Feb 10, 2014Vol. 44, Issue 3

Our Town: Public Sphere Pedagogy Effects Change

Over the last few months, our town, Chico, has witnessed a very intense and polarizing debate around issues of safety, civility, and cleanliness in the downtown area. The focus of much of this attention has been on the homeless. On one hand, a coalition of downtown business owners and other citizens seek to rid our community of the homeless and transient populations, whom they find unsightly, threatening, and detrimental to attracting visitors and shoppers to the downtown. Strategies to accomplish this include hiring private armed guards to patrol the downtown area, prohibiting the homeless from sitting on city sidewalks, and giving them one-way bus tickets out of town. In other words, to remove them from our sight by various means.

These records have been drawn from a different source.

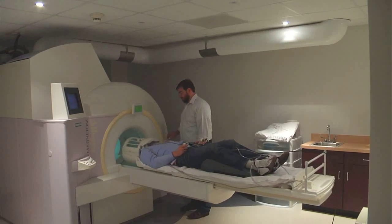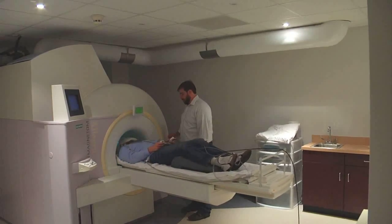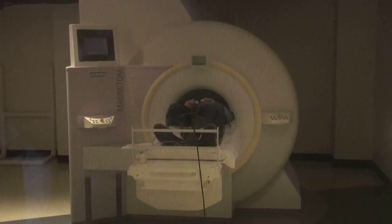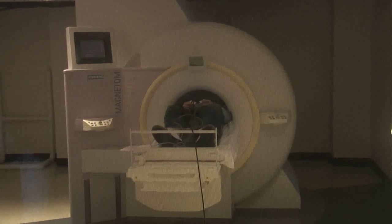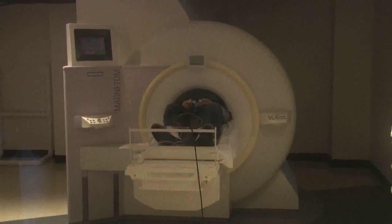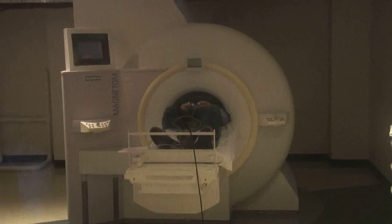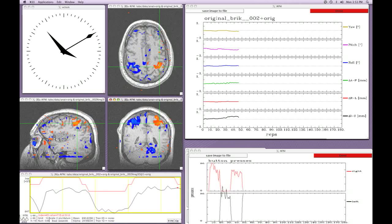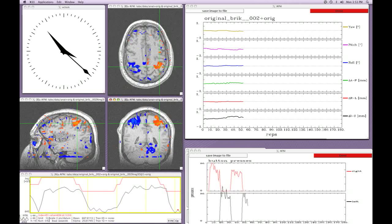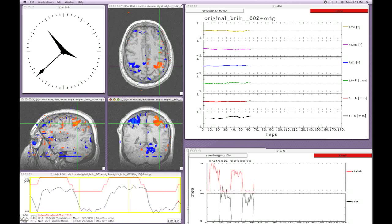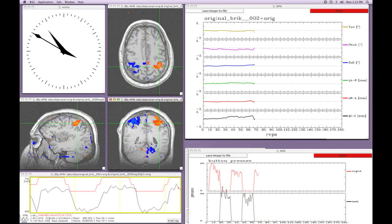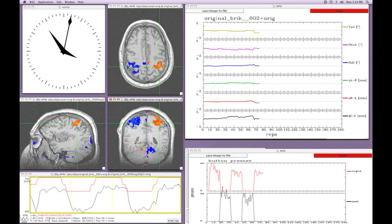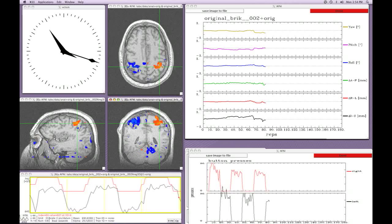Now it is time for a demonstration. Jonathan Leszczynski has volunteered to go into the scanner to perform a real-time motor feedback task. A localizer and anatomical image are acquired. Then a few functional images are acquired and thresholded to construct a mask, which will be used to reduce the amount of data to be analyzed. Now training can begin. Jonathan will be cued to press a button in his left or right hand. His performance is monitored using AFNI's real-time capabilities. As the images are acquired, subject motion is estimated and displayed. We can also see a trace of Jonathan's left and right button presses. A correlation map shows the regions of Jonathan's brain which are active while he is performing the task. Behind the scenes, a classifier is being trained to distinguish between left and right motor activity.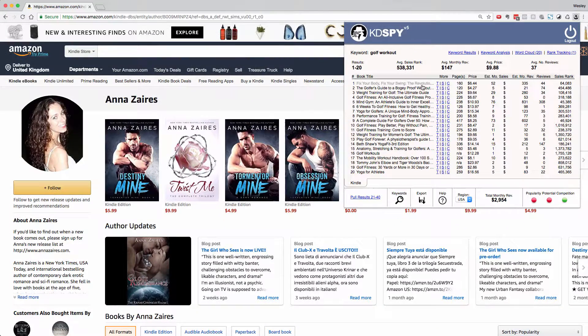Okay, so that gives you a brief overview of KDSpy version 5. I hope you grab yourself a copy and use it to increase your publishing royalties. Bye for now.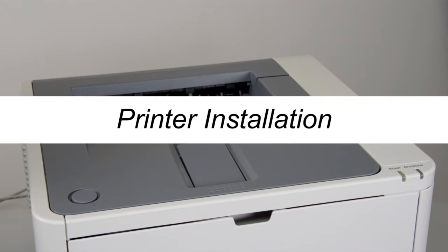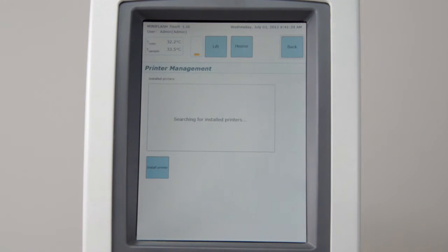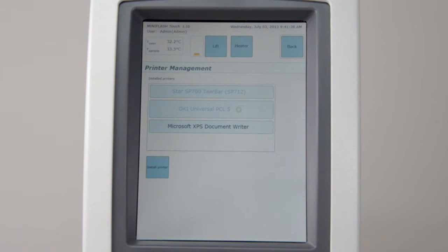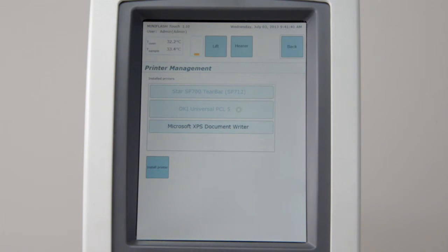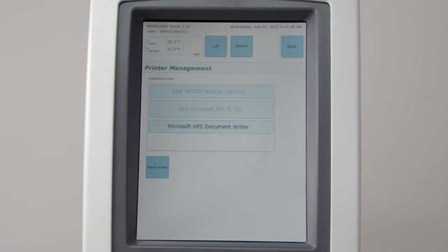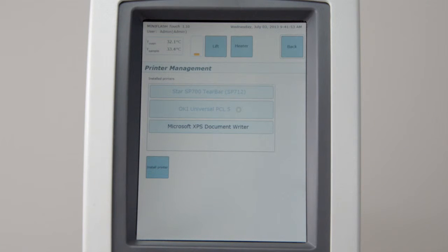Printer installation. The printer menu shows all installed and available printers. The default printer is marked with a star. To install a new printer, download your printer driver on your USB device. The driver must have INF format. A selection of generic printer drivers is available from your local representative.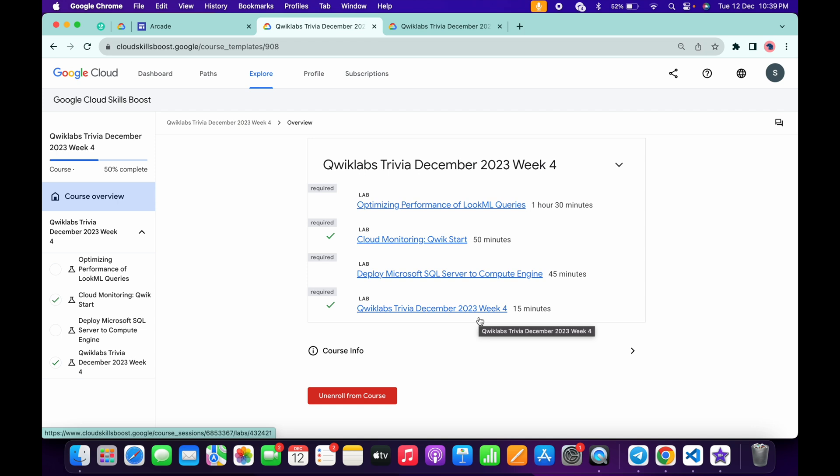Do not worry about the other lab solutions. I already made the playlist of that. I will share the link in the description box, from there you can simply complete all the labs. Thanks for watching this video. If you have any doubts, please let me know in the comment section. Have a good day, guys.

On the other hand, there are members of our community who recognize that homelessness is not a condition that most choose and often there are other factors at play that contribute to it, like mental illness. Although similarly concerned with quality of life issues in our city and sympathetic to the concerns of the business owners, these citizens propose an approach that is guided by an understanding of the factors that cause homelessness and aims to address them as much as deal with the individuals who have turned up on our streets to live. 

The debate between these two groups, particularly as it has played out in City Council meetings, has not often been a model of civil discourse. It often feels more like a drive-by debate, as proponents for one side or another of this complex issue shout at one another and quickly rush to their hardened positions without a whole lot of interest or consideration for what others might say.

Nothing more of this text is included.